Metabolic improvements associated with low-carbohydrate diet in overweight and obese adults: Contributions to public health nutrition
Laryssa Rosa de Sousa Franckilin , Ludmila Lizziane de Souza Lima , Flávio Eduardo Dias Araújo Freitas , Maria Vitoria Cota de Abreu , Carlos Eduardo de Freitas JORGE , Daniela Godoy Neri , Janaina Koenen , Giselle Foureaux
Journal of Clinical and Translational Research ›› 2026, Vol. 12 ›› Issue (1) : 72 -87.

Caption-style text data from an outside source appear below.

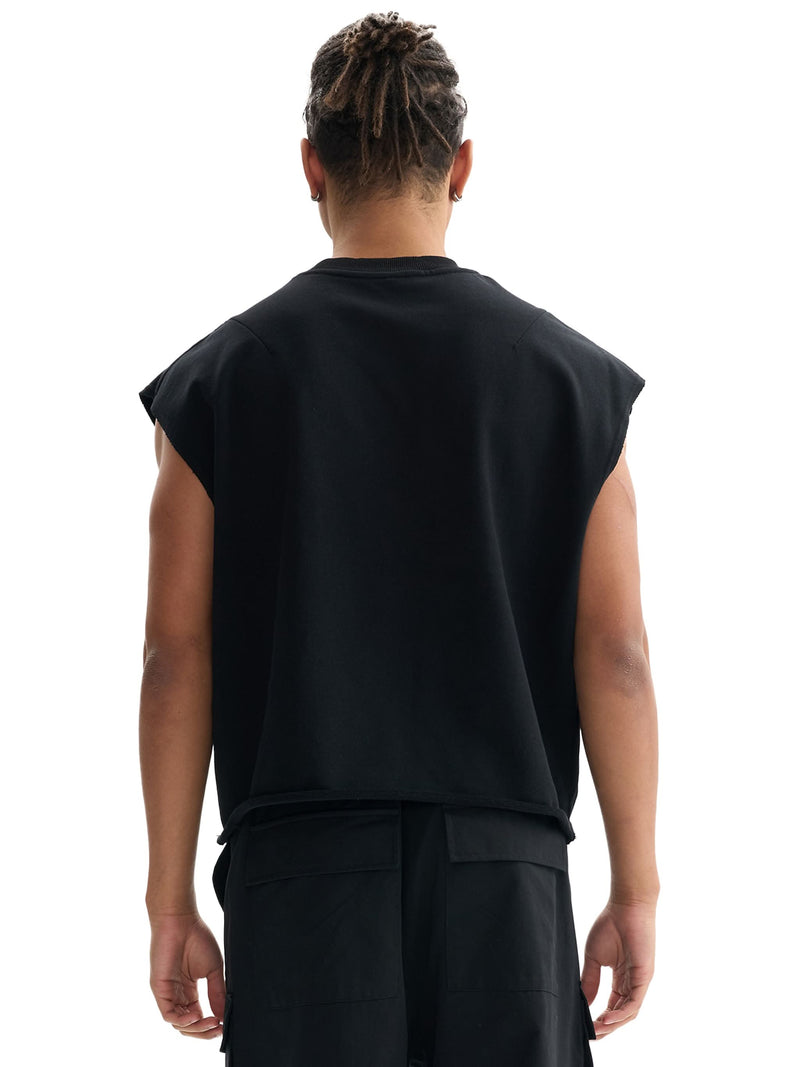 House Box Logo // Raw Edge Muscle Tee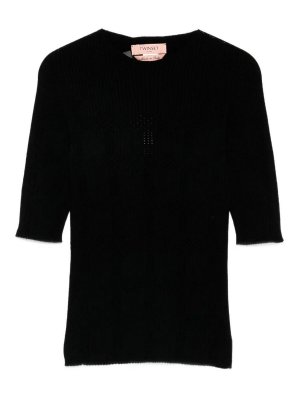 TWINSET: Pull col rond - Pull Col Rond - Noir
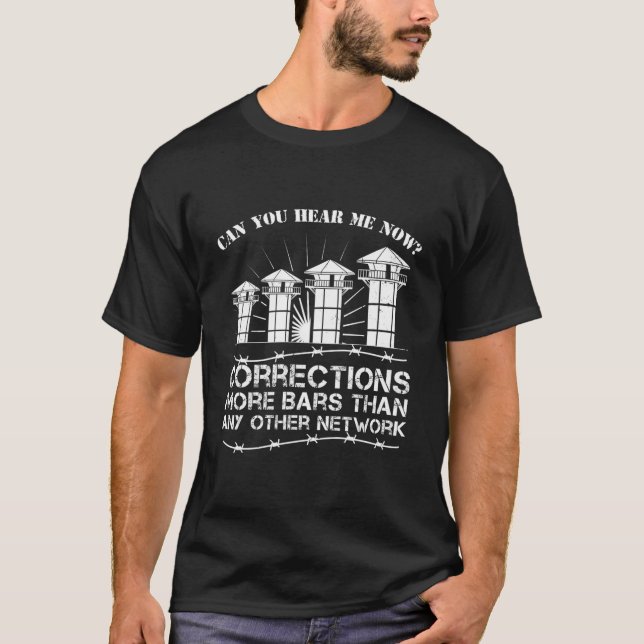 T-shirt Agent correctionnel - Agent correctionnel (Devant)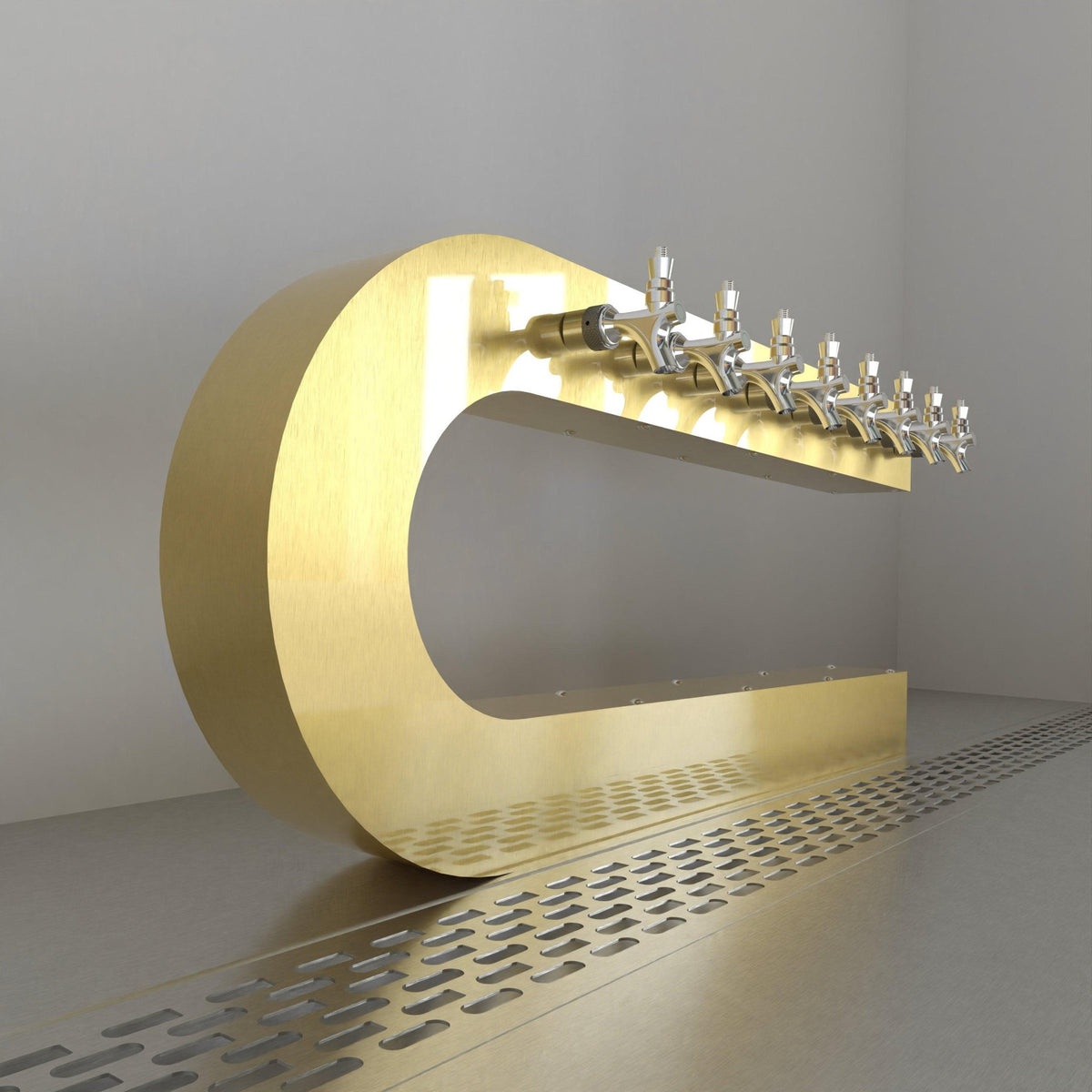 C Cee — Gold beer tower
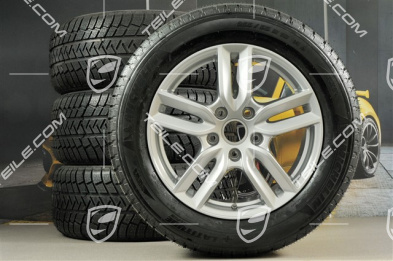 18" Winterräder Satz "Cayenne S" Facelift 2014->, Felgen 8J x 18 ET53 + Michelin Winterreifen 255/55 R18, mit RDK-Sensoren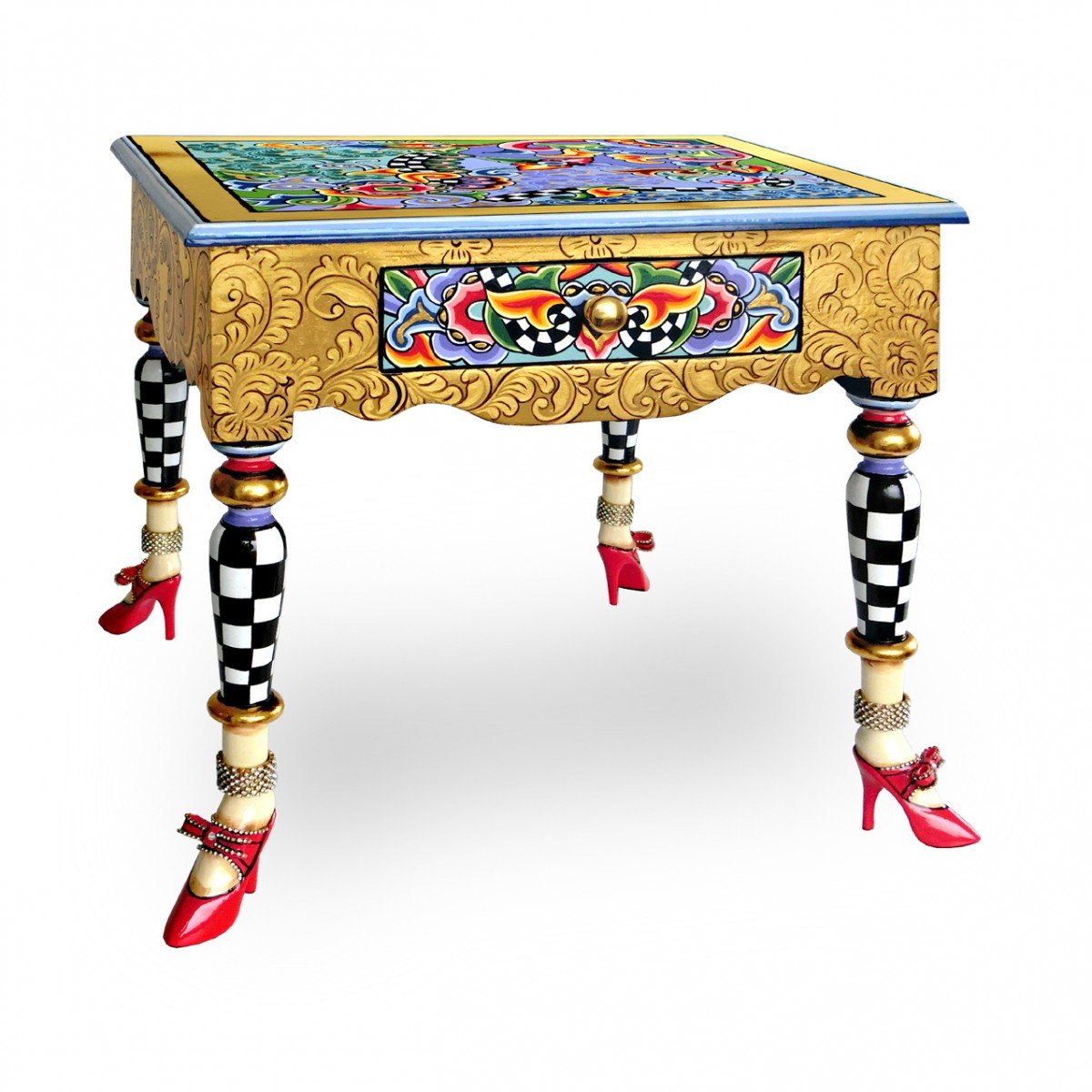 Table d’appoint Versailles Gold - Tom’s Drag - image principale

Background: Overweight (OW) and obesity (OB) are major public health challenges associated with metabolic disorders, chronic diseases, and rising healthcare costs. Low-carbohydrate diets (LCDs) have emerged as cost-effective strategies for prevention and treatment. Objective: The objective of the study is to evaluate the effects of an LCD (≤130 g/day) on anthropometric, metabolic, hepatic, and renal parameters in OW and obese adults over 12 months. Methods: This open-label, non-randomized, self-controlled clinical trial included 34 adults with body mass index (BMI) ≥ 25 kg/m 2 who received individualized nutritional counseling and followed an LCD for up to 12 months. Clinical and laboratory parameters were assessed at baseline and during follow-up (3–6 months and 7–12 months). Statistical analyses included generalized estimating equations and non-parametric tests with Bonferroni correction. Results: Participants achieved a mean weight loss of 10%, with reductions in BMI (−2.9 kg/m 2), waist circumference (−5.4 cm), and body fat percentage. Glycated hemoglobin decreased at 7–12 months (p <0.05), while insulin levels and insulin resistance declined at 3–6 months (p =0.0497 and p =0.037). Fasting glucose remained stable. Low-density lipoprotein cholesterol increased modestly at 7–12 months (p =0.035), whereas other lipid parameters showed no significant changes. Gamma-glutamyl transferase levels decreased (p =0.0341), with no adverse effects on renal or hepatic markers. Conclusion: An LCD was associated with improvements in glycemic control, body composition, insulin sensitivity, and liver enzymes without compromising renal function or lipid profiles, supporting its role in OB management and cardiometabolic risk reduction in primary care.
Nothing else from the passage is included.